Among our many performers supporting the project by incorporating mythological characters we’ll hvae three lovely ladies taking on the roles of The Three Fates:
The Greeks of the high classical age put strong faith in the idea of fate and of an unavoidable course of life. They thought every life had a reason for beginning, and that reason was also its end. (Fate is distinguished from Destiny, which has more of an undertone of control.) This divinely indifferent culmination of the course of life is what the three Fates represent. Their name in ancient Greek is Moira, which means “a portion,” so the three Moirae represent the personification of the share of existence that is meted out to all living things. The Moirae are ever-present in the Trojan story.
In classical mythology, the Moirae are generally shown as three sisters busy at their business of spinning. Clotho the Spinner spins the thread of a person’s life; her symbol is the distaff and spindle. Lachesis the Alotter decides the length of the thread of one’s life; her symbol is a measuring rod. Atropos the Inevitable cuts the thread when it is time to die; her symbol is the pair of “abhorred shears.” The Olympian gods hold no sway over them, nor do the Fates discriminate between the death of a mortal and the death of a god. They predate the Olympian gods by at least three generations and are thought to be the parthenogenic offspring of Nyx, primal force of night’s darkness. (Other stories about their birth exist, but this one is the most prevalent and also sufficiently awesome.) The Fates are sometimes said to be the half-sisters of the Horae, who are the goddesses of the Correct Moment, or “Timing.”
The Moirae are not vindictive or evil, nor are they benevolent. They are indifferent.

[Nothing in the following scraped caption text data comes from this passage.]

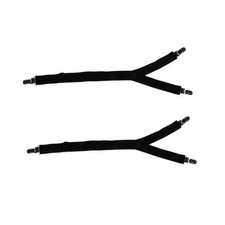 2 Pcs Best Mens Socks Garters Y Style Military Shirt Stays Elastic Adjustable B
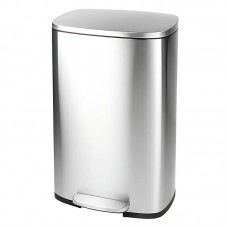 Відро для сміття з плавним закриванням прямокутне Mix Bevel-TC0112 SS Color 12 л колір неіржавка (MI7087)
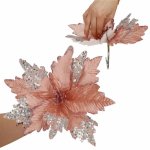 Springos CA1227 VÁNOČNÍ DEKORACE POINSETTIA 25 CM – Hledejceny.cz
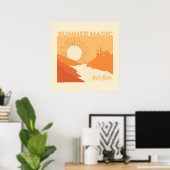 Poster HARRY POTTER™ | HOGWARTS™ Summer Magic (Bureau à domicile)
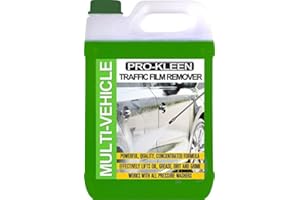 PRO-KLEEN 5L of Traffic Film Remover Cleaner/TFR - Effectively Removes Dirt, Grime, Grease and Oil & Leaves Behind a Sparkling Shine - Multi-Vehicle For Use on Cars, Trucks, Vans, Motorbikes & More
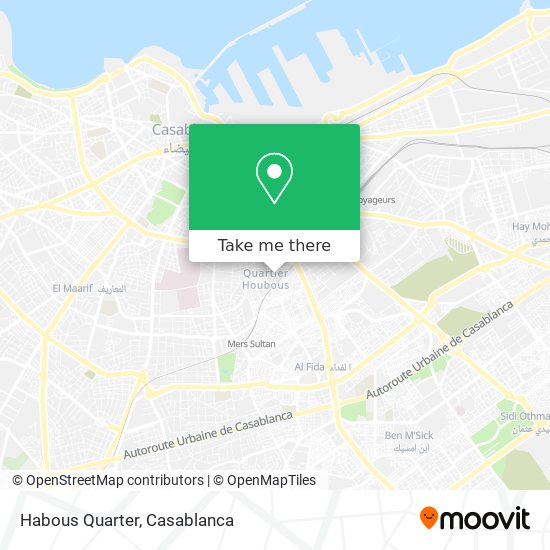 Habous Quarter map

Appearing at the family hearth three days after the birth of a child, the Moirae, specifically Clotho, begin spinning the thread of the person’s life to the length allotted by Lachesis. When the time comes, Atropos will snip the thread.
While they are sometimes portrayed as young women, generally the Fates appear as three ancient hags, indicative of the fearful realm they personify. Occasionally, they are shown as milky-eyed and blind. Wrinkled old crones and blind, unfeeling spinsters have counterparts in other ancient traditions as well. The Norns of the Norse and the Baltic Laima are spinning sisters who control or embody fate.